My piece in today’s Herald Sun (“Spend plenty to buy nothing” subscription required) addresses the measures Australian governments are taking to prevent people producing things and earning income for themselves (much of which would also be syphoned-off by governments and used as bribes to secure their re-election).
It notes the NSW Baird government got away with spending only $220 million of taxpayers’ funds to stop a coal mine, thus deflecting the hysteria that Alan Jones was whipping up. This is small beer in comparison to the $1 billion plus that Dan Andrews’s Victorian government spent to prevent a road being built, thereby placating his union financiers who were worried that the EastWest Link’s high-productivity workplace agreement would seriously reduce their influence. And that, in turn, is a cheap deal compared with the $50 billion, squandered to secure two seats, on over-priced submarines that are too slow and short range for Australia’s needs.

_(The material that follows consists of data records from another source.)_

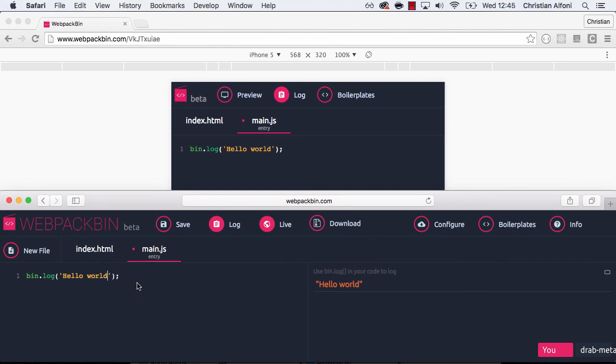But that is actually what I wanted to show you. So thanks for taking a look at Webpack Bin. And I hope you like it.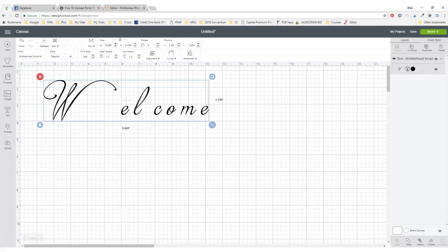Hello everyone! Today I'm going to talk about how to connect cursive font in Cricut Design Space.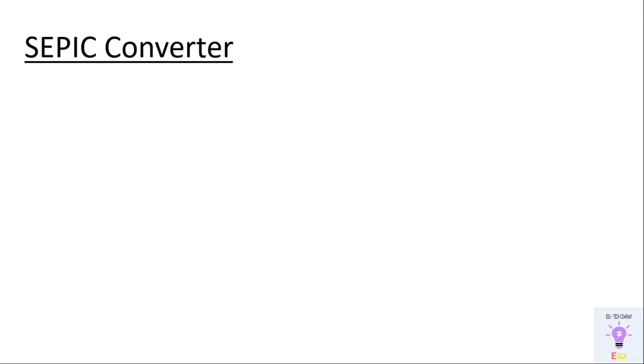Hello everyone. Welcome to our YouTube channel Electronics Maddy. Today we are going to talk about design and simulation of SEPIC converter in MATLAB.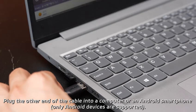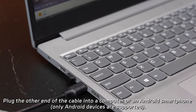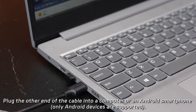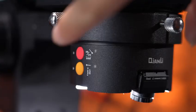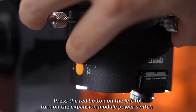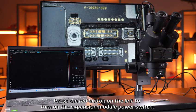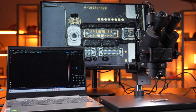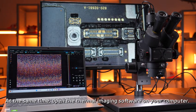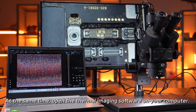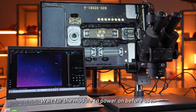Plug the other end of the cable into a computer or an Android smartphone. Press the red button on the left to turn on the expansion module power switch. At the same time, open the thermal imaging software on your computer. Wait for the module to power on before use.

The spending to prevent the NSW BHP Caroona (thanks Todd) coal mine was allegedly to avoid using up some wonderful agricultural land that was threatened by a tiny development that would return 100 fold the income of any agricultural activity and, being underground, would not have even inconvenienced the farming. Agriculture itself is a major loser from these processes. I pointed out
In a process started almost 10 years ago, John Howard and his then newly minted environment minister, Malcolm Turnbull, were panicked by the “millennial” drought into accepting gibberish about climate change permanently reducing flows down the Murray Darling.

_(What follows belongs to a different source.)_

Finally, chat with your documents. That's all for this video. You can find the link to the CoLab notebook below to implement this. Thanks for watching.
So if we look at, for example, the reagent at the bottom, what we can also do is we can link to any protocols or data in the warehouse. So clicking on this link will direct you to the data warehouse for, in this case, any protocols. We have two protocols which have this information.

The Murray Darling river system is the basis of Australian irrigated agriculture and the basin’s farms were responsible for 40 per cent of national agricultural output. Howard produced a “10 Point Plan” for restraining water use. Other politicians have built upon this with water buy-backs that have reduced the irrigators’ high security water by two sevenths.

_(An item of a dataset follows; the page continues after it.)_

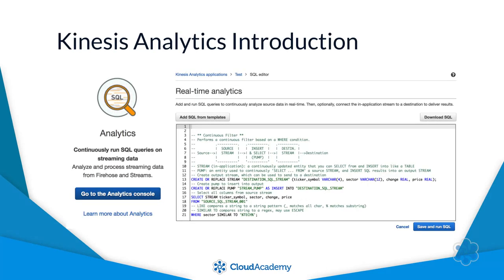In this training course, you'll be introduced to Amazon Kinesis Analytics. Amazon Kinesis Analytics is a component of the wider Amazon Kinesis platform offering. The Amazon Kinesis platform consists of the following components: Amazon Kinesis Streams, Amazon Kinesis Firehose, and Amazon Kinesis Analytics. The remainder of this course will focus on the Amazon Kinesis Analytics service.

The “millennial” drought, like all others in this continent of highly variable weather patterns, was soon to prove temporary. But regulatory measures once introduced always outlive their purpose.
And this week the Queensland Labor government as a willing accomplice of green income destruction has sought to prevent agricultural expansion in the state. Fortuitously this is being halted, at least temporarily, by a renegade Labor politician and by the fact that aboriginal producers would be hard hit by the proposed measures. (As is also demostrated by their, so far successful, attempts to prevent the Adani coal mine from proceeding, the green activists and their monied supporters care little for aboriginal job creation).
The Herald Sun article finishes with
Unfortunately, our politicians have shifted from being mere irritants to the income producing process to lightning rods that suppress business opportunities on behalf of interest groups and faddists. And politicians, despite their deregulatory statements, seem unable to reverse course.
Politicians spout from one side of their mouths about how we will tap new technology and better use our resources and skills to tap into the burgeoning markets overseas. But it is the other side of their mouths where the real action is. Politics will never enhance technological development only retard it. But it is powerful in preventing the productive process taking place.
It is doubtful that many politicians will feel any shame at the outcome of their policies. We seem to have come to a governance structure where majority political alliances are formed and these take control over decisions that were constitutionally intended to be individually taken. This is the new red tape and tax-taking socialism and its effects are grinding down productivity.